You might ask, how can the third criterion possibly be satisfied if they only rely on statistics?
The judgment replies: “This will largely depend upon how one defines the particular disadvantage in question. If the disadvantage is that more BME or older candidates fail the test than do white or younger candidates, then failure is the disadvantage and a claimant who fails has suffered that disadvantage.”
One might counter that the employee who fails the test isn’t disadvantaged because so many other people in the group fail, but because he or she has failed the test. However, the further point made by the Supreme Court is that we might not know why a particular group does worse in these tests.

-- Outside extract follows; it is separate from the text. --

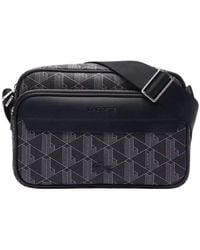 Lacoste - Schultertasche Mit Strukturierter Mischung - Lyst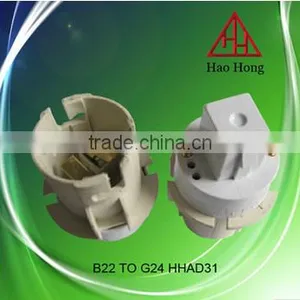 HAOHONG Two Pins B22 to G24 Lamp Converter thumbnail-1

Indirect discrimination deals with hidden barriers that are not easy to spot.
1 Employers might still rebut the statistical conclusion. If a candidate didn’t show up for the test, the employer would succeed in arguing that the absence was the actual reason for the failure.
2 If the employer assessed the need for the test rigorously and impartially and it assesses essential skills or knowledge, the employer may succeed in justifying the PCP.
The Government Legal Service v Brookes concerned an employee with Asperger’s who failed the GLS’s situational judgment test.
To justify the test, the employer had to show that it served a legitimate aim and was a proportionate way of achieving it.
The employment tribunal accepted that the employer had a legitimate aim – to assess applicants’ competency. However, it concluded that the test was not a proportionate way of achieving it. The Employment Appeal Tribunal did not disagree.
To conclude, if you have good reasons for using tests in your recruitment and promotion procedures, then you don’t need to stop using them.
However, you should think about the tests used, be able to justify them and be prepared to make adjustments for disabled employees.